Amnon, in his obsession assumed that, by having what he wanted, his needs would be satisfied. Instead, his passions were reversed.

Aren’t we like that sometimes? We can obsess over something, love something, want something so bad that we are willing to do almost anything to get it. We should be able to love whoever or whatever we want, shouldn’t we? If it makes us happy, shouldn’t we do what we can to get it?

Just because we want something doesn’t mean we should have it. It doesn’t mean it’s good for us to have it. It doesn’t mean it’s ours to have. And it rarely means what we think it will mean.

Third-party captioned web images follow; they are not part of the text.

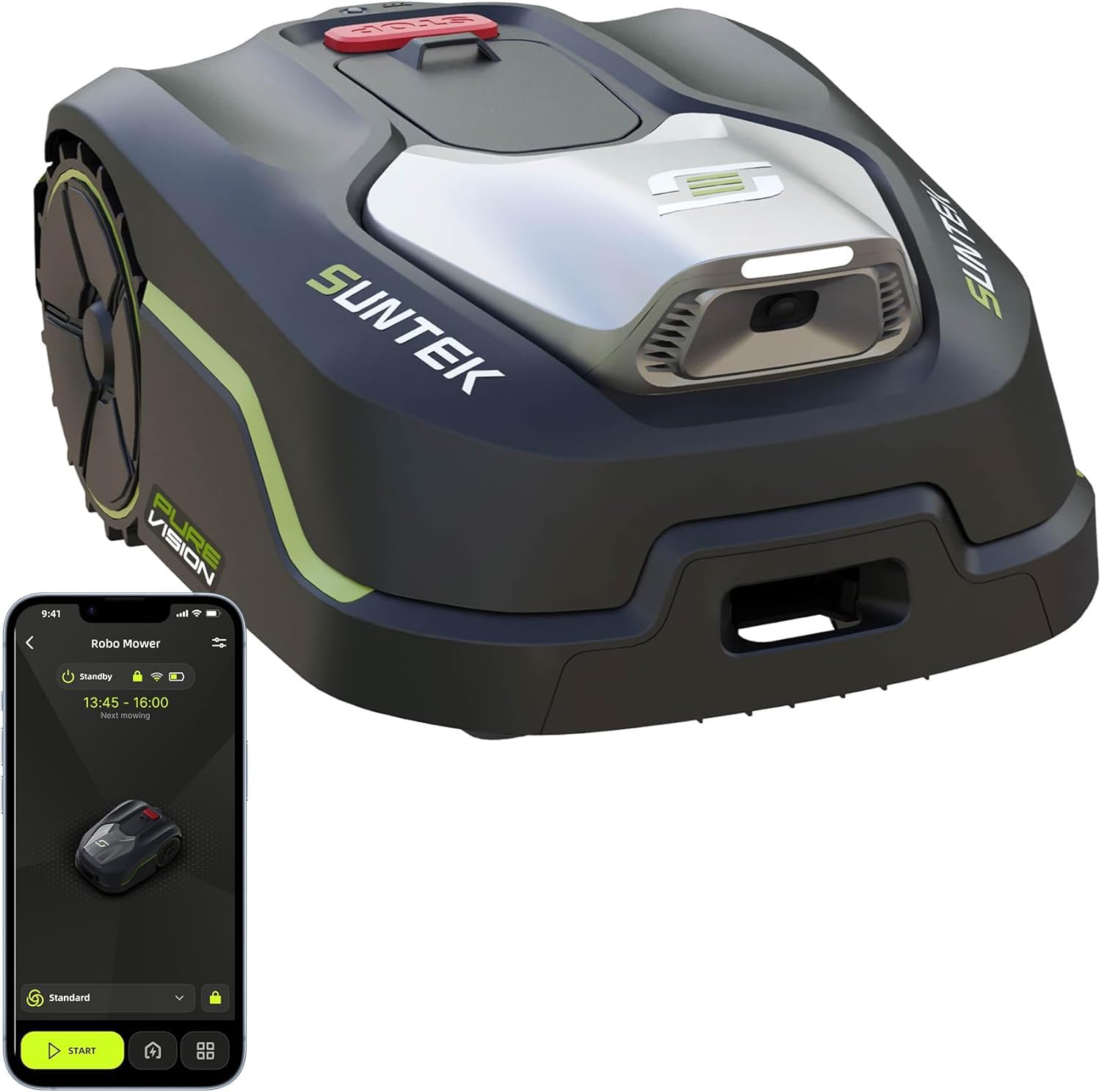 SUNTEK Robot cortacésped inalámbrico periférico – Robot Recortadora IA + visión para 600 m², tecnología IA cámara, Pendiente hasta 35°, estanqueidad IPX5, cartografía automática, multizonas, Control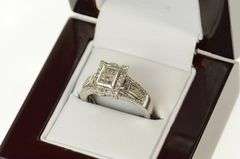 10K White Gold 0.52 Ctw Princess Diamond Squared Engagement Ring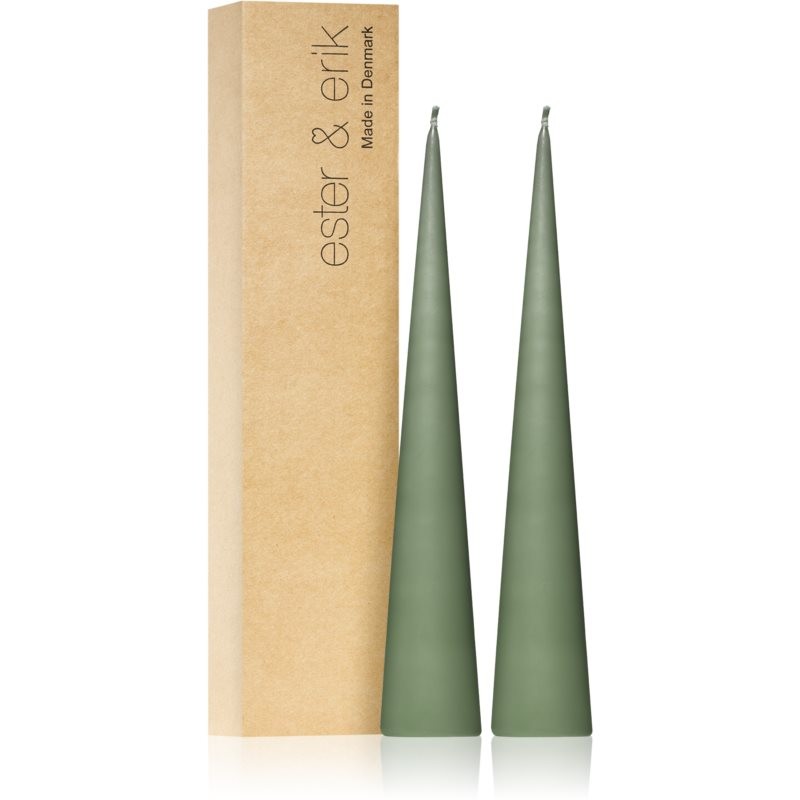 ester & erik cone candles green soil (no. 70) dekoratívna sviečka 2x25 cm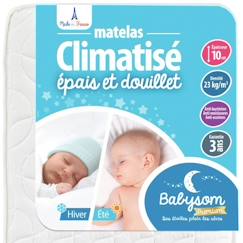 Chambre et rangement-Literie-Matelas Bébé Climatisé - BABYSOM - 60x120 cm - Réversible - Anti-acarien - Épaisseur 10 cm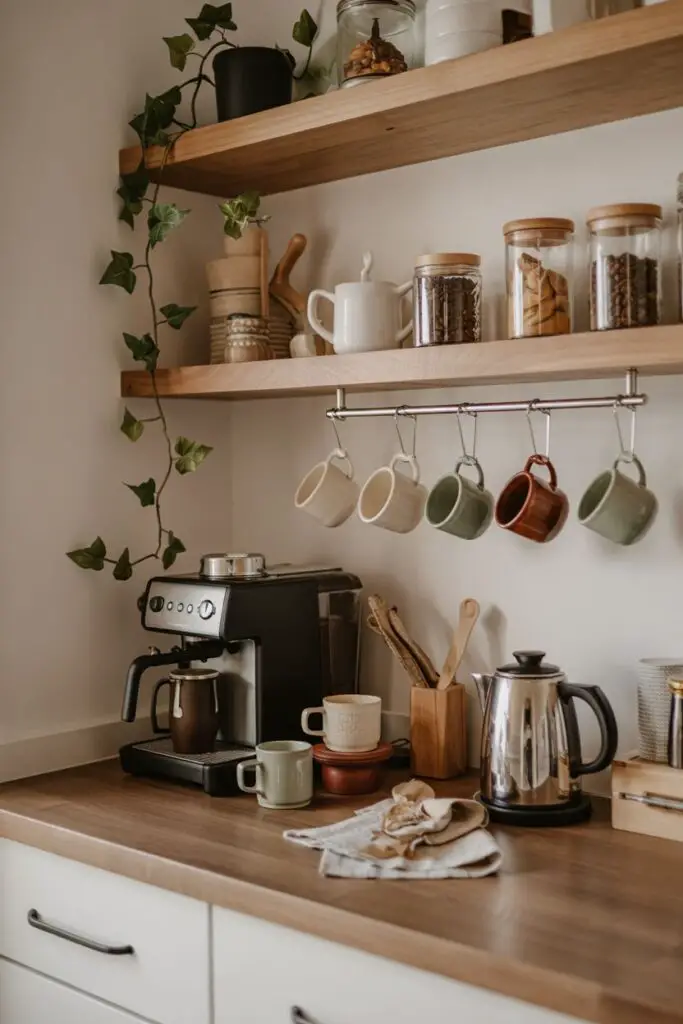 Warm coffee and tea station nook with stacked ceramic mugs, open shelves, steam rising from a fresh brew, and cozy everyday styling.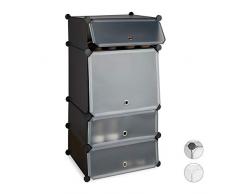 Relaxdays Zapatero Estrecho Modular con 4 Compartimentos, Plástico, Negro, 91 x 49 x 36.5 cm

During the hippie era, free love was the fad. In recent years it’s #LoveWins. We are constantly being told that if it feels good, do it. Love what you love. You can’t help who you love. In all of the noise, we as believers must remind ourselves of what love really is. We must recognise that the world, who has rejected Jesus and the God who is love, cannot really know or experience true love unless they acknowledge the single greatest act of love in the history of humankind.

For God so loved the world that he gave his one and only Son, that whoever believes in him shall not perish but have eternal life.

John 3:16 (NIV)

That is what love looks like. It certainly wasn’t the thing Jesus wanted most. It didn’t feel good. It didn’t cater to his wants or desires nor did it fulfill any fantasies.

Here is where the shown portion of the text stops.